When I started my journey a year ago I began the process with a 21 Day Consciousness Cleanse from DailyOm. It was three weeks of learning, growth and, often, tears. I had to acknowledge some hard truths about myself with the willingness to accept blame when it was due AND to release blame that was not mine to claim. In the end there were three main things that kept coming up ~ self-forgiveness, releasing the past and learning to thank myself,
Self-forgiveness is one of those things that is hard for a lot of us. How can we forgive ourselves if we are not willing to look at what we’re forgiving ourselves for? We have a hard time looking into the past or too deeply at ourselves because the introspection often leads to feeling guilt and shame. Why? We did it (or didn’t do it), it’s in the past and it’s done. We cannot change the past, but we have the opportunity to change the future.
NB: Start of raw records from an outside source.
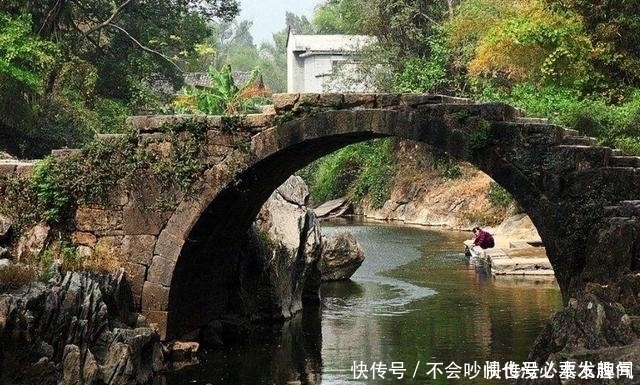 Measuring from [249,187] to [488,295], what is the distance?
630 centimetres

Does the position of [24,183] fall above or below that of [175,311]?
above

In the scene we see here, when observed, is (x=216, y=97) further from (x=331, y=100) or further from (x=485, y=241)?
(x=331, y=100)

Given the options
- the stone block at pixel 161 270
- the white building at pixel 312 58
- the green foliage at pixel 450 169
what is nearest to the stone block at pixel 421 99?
the stone block at pixel 161 270

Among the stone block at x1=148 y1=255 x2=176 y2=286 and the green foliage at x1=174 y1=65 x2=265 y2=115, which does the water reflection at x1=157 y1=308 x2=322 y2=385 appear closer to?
the stone block at x1=148 y1=255 x2=176 y2=286

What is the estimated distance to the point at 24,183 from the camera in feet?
46.2

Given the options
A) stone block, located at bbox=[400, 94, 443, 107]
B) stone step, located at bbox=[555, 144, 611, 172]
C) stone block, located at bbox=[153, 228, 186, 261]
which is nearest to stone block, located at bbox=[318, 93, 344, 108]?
stone block, located at bbox=[400, 94, 443, 107]

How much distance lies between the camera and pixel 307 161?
14.6m

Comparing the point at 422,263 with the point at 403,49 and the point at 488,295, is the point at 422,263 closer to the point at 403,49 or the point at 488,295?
the point at 488,295

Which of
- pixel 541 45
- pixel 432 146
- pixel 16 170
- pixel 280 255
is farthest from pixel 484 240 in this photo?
pixel 16 170

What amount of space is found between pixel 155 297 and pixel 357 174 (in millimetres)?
28168

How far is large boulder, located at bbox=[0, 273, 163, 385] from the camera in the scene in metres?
10.8

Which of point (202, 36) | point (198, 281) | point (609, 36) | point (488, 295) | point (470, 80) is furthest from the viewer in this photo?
point (470, 80)

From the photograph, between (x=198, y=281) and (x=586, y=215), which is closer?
(x=586, y=215)

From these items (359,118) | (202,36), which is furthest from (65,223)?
(202,36) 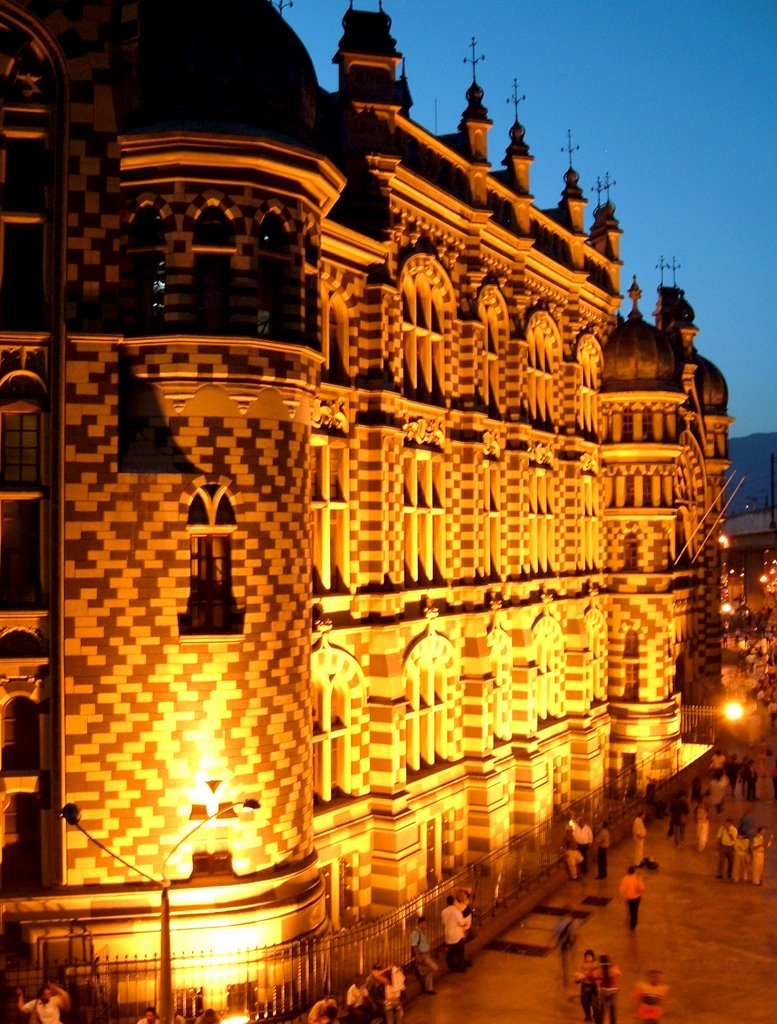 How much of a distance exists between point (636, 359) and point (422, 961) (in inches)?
1182

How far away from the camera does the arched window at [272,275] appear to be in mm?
21344

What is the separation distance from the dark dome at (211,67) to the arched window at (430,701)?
45.9 feet

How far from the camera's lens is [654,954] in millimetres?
25625

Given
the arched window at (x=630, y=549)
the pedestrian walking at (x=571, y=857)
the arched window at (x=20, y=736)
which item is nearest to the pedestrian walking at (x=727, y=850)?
the pedestrian walking at (x=571, y=857)

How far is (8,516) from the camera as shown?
20.0 m

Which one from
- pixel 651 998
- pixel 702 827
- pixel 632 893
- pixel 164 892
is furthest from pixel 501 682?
pixel 164 892

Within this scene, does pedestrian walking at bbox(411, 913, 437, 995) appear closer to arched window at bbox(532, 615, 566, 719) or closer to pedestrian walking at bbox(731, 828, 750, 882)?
pedestrian walking at bbox(731, 828, 750, 882)

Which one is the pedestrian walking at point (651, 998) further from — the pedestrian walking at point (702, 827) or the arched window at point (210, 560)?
the pedestrian walking at point (702, 827)

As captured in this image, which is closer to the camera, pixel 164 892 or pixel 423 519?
pixel 164 892

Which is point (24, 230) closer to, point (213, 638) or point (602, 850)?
point (213, 638)

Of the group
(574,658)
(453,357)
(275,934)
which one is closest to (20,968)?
(275,934)

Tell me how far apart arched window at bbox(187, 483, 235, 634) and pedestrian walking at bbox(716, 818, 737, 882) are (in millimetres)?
17253

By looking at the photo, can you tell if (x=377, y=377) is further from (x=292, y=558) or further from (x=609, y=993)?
(x=609, y=993)

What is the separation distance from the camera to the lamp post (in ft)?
53.8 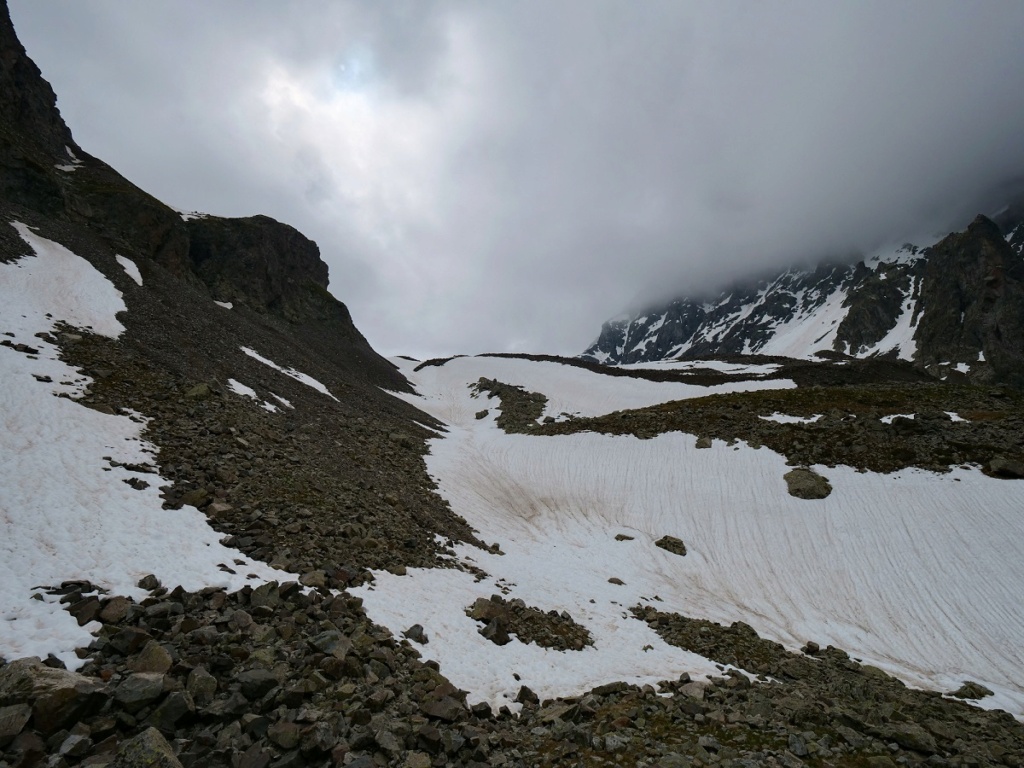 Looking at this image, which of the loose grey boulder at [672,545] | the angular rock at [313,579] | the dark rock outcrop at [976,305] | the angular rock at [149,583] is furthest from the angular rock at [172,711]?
the dark rock outcrop at [976,305]

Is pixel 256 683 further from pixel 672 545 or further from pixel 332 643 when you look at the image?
pixel 672 545

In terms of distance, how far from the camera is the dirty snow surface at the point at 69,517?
745 centimetres

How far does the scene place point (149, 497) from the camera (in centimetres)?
1216

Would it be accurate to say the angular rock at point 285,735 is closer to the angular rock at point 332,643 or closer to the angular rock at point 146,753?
the angular rock at point 146,753

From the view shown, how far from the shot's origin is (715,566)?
23109 mm

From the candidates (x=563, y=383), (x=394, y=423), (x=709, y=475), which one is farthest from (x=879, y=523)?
(x=563, y=383)

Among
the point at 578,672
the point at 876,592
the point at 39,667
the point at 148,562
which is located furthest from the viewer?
the point at 876,592

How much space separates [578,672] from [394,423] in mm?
30375

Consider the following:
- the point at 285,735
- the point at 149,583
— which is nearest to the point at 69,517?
the point at 149,583

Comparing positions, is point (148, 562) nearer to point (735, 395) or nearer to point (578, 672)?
point (578, 672)

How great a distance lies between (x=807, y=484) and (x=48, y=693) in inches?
1210

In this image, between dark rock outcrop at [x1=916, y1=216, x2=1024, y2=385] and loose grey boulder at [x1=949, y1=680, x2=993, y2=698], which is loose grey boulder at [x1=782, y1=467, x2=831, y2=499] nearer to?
loose grey boulder at [x1=949, y1=680, x2=993, y2=698]

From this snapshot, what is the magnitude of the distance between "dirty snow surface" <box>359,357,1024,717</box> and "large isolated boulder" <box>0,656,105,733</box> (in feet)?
17.7

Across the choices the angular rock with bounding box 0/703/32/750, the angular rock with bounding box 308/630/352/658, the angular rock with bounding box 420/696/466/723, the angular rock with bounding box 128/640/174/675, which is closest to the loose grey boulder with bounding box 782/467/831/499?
the angular rock with bounding box 420/696/466/723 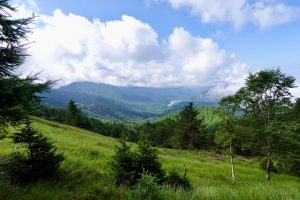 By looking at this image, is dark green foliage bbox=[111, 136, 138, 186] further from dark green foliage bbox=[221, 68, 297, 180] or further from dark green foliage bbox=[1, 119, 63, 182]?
dark green foliage bbox=[221, 68, 297, 180]

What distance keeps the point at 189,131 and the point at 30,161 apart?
7270 centimetres

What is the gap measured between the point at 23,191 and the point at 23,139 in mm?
2415

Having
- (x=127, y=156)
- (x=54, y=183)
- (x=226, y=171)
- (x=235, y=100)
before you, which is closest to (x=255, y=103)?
(x=235, y=100)

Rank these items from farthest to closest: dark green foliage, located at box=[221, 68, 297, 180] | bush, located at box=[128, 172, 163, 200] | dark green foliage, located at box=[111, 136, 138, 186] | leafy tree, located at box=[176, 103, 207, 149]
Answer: leafy tree, located at box=[176, 103, 207, 149], dark green foliage, located at box=[221, 68, 297, 180], dark green foliage, located at box=[111, 136, 138, 186], bush, located at box=[128, 172, 163, 200]

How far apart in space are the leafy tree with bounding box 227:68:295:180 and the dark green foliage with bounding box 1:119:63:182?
21.0 meters

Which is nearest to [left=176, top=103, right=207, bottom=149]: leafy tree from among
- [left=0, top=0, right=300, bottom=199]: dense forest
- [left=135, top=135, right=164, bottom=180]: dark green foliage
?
[left=0, top=0, right=300, bottom=199]: dense forest

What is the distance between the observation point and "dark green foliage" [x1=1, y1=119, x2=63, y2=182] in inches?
400

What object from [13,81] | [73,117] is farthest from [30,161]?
[73,117]

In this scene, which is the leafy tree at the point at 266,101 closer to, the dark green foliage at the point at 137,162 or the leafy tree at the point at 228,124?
the leafy tree at the point at 228,124

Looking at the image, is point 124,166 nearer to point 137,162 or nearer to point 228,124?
point 137,162

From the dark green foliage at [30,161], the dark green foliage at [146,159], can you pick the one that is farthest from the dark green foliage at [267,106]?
the dark green foliage at [30,161]

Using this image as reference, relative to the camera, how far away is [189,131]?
81.2 meters

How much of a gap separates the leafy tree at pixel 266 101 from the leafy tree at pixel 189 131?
5216 cm

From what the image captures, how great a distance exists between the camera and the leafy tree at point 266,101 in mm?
27016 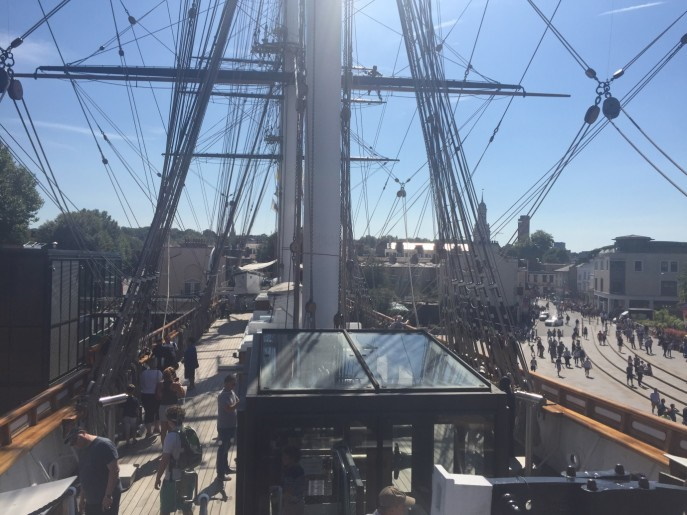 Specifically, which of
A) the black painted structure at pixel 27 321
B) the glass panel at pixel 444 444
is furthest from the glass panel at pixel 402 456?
the black painted structure at pixel 27 321

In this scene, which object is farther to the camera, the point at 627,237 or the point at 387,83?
the point at 627,237

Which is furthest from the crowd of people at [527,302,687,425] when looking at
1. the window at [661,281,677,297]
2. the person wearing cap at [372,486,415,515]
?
the person wearing cap at [372,486,415,515]

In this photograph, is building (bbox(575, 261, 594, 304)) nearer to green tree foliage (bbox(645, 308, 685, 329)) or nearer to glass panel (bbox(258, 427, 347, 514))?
green tree foliage (bbox(645, 308, 685, 329))

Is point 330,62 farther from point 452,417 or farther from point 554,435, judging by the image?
point 452,417

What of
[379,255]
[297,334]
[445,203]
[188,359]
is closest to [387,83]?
[445,203]

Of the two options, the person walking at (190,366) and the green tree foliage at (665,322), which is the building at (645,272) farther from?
the person walking at (190,366)

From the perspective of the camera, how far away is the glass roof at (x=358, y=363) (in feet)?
13.0

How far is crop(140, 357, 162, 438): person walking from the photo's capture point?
27.8ft

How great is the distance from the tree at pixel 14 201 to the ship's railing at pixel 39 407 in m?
29.1

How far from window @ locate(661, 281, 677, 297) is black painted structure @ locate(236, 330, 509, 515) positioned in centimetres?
6682

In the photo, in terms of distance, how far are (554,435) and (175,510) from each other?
13.6ft

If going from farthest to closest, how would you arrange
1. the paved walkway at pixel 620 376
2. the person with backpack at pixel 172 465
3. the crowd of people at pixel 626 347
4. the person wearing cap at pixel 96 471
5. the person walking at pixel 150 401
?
the crowd of people at pixel 626 347 → the paved walkway at pixel 620 376 → the person walking at pixel 150 401 → the person with backpack at pixel 172 465 → the person wearing cap at pixel 96 471

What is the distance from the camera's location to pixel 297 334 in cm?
501

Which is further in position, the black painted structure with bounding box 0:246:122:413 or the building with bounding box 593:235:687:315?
the building with bounding box 593:235:687:315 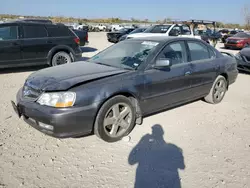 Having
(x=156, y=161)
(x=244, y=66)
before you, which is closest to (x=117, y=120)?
Result: (x=156, y=161)

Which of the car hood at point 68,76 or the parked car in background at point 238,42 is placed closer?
the car hood at point 68,76

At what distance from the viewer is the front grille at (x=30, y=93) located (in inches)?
132

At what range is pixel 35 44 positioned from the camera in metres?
7.83

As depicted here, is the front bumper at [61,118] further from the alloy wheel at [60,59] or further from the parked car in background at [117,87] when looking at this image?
the alloy wheel at [60,59]

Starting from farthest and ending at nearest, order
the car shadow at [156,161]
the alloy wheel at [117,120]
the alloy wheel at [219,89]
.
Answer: the alloy wheel at [219,89], the alloy wheel at [117,120], the car shadow at [156,161]

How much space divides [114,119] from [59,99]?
34.1 inches

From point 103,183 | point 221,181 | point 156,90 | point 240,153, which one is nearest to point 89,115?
point 103,183

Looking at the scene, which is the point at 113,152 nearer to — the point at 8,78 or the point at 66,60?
the point at 8,78

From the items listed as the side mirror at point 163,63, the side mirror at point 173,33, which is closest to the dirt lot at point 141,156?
the side mirror at point 163,63

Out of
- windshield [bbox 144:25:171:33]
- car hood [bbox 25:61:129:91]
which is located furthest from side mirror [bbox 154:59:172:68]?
windshield [bbox 144:25:171:33]

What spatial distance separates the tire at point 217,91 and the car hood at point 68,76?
2445 millimetres

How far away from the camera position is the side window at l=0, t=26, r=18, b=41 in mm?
7473

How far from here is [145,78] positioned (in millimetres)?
3830

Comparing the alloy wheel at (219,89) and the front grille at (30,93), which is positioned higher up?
the front grille at (30,93) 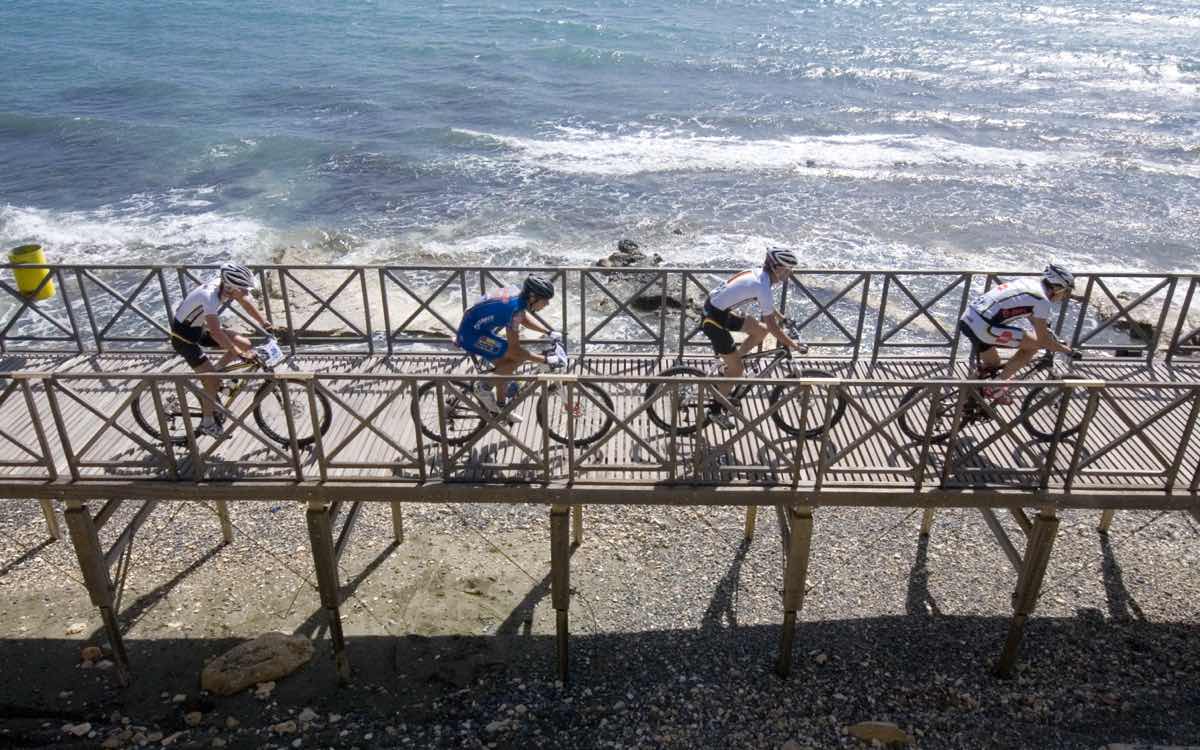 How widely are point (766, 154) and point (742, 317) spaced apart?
31.2 m

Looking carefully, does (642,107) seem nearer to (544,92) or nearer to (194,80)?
(544,92)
If we do not not forgive ourselves for our mistakes and missteps we can’t use the past as an opportunity to learn how to create a better future.
Notice how much I mention the past in the previous paragraph. During my consciousness cleanse I wrote that ‘the past felt like a ball and chain, and smelled like a garbage dump’. Strong, right? Even now my stomach clenches a little and I feel myself tearing up. What I realized was that the past, or my actions of the past, led back to one experience for which I held absolutely no blame, but because I had not forgiven myself there was a lost little girl inside of me. What I had to do was mourn for that little girl and all that she had lost so she could be laid to rest. By realizing this I was able to, for the first the time, truly cry for what I had lost.
Last, I had to learn how to acknowledge and thank myself. My lack of self-forgiveness and shame for my past had made it hard for me to acknowledge what was internally and externally beautiful about myself. I was proud of my achievements and appreciated by friends/family, but when asked to thank myself I drew a blank on what to thank myself for. Somehow, in my mind, all that I did ~ for clients, for friends, for family ~ was just what you’re supposed to do. Even though I knew others didn’t live by the same rule I did not view my contribution to the world as a thing of value…which means I didn’t view myself as a thing or person of value. Umphhh!
These three lessons and so many others over the course of the 21 days opened my eyes to MY TRUTH. Your story, her story or his story are not my story, and previously even my own story was not be made up of the truth. Finding your truth and whittling away your mythology will help you to be the best for yourself and those around you.
What self truths have you learned recently?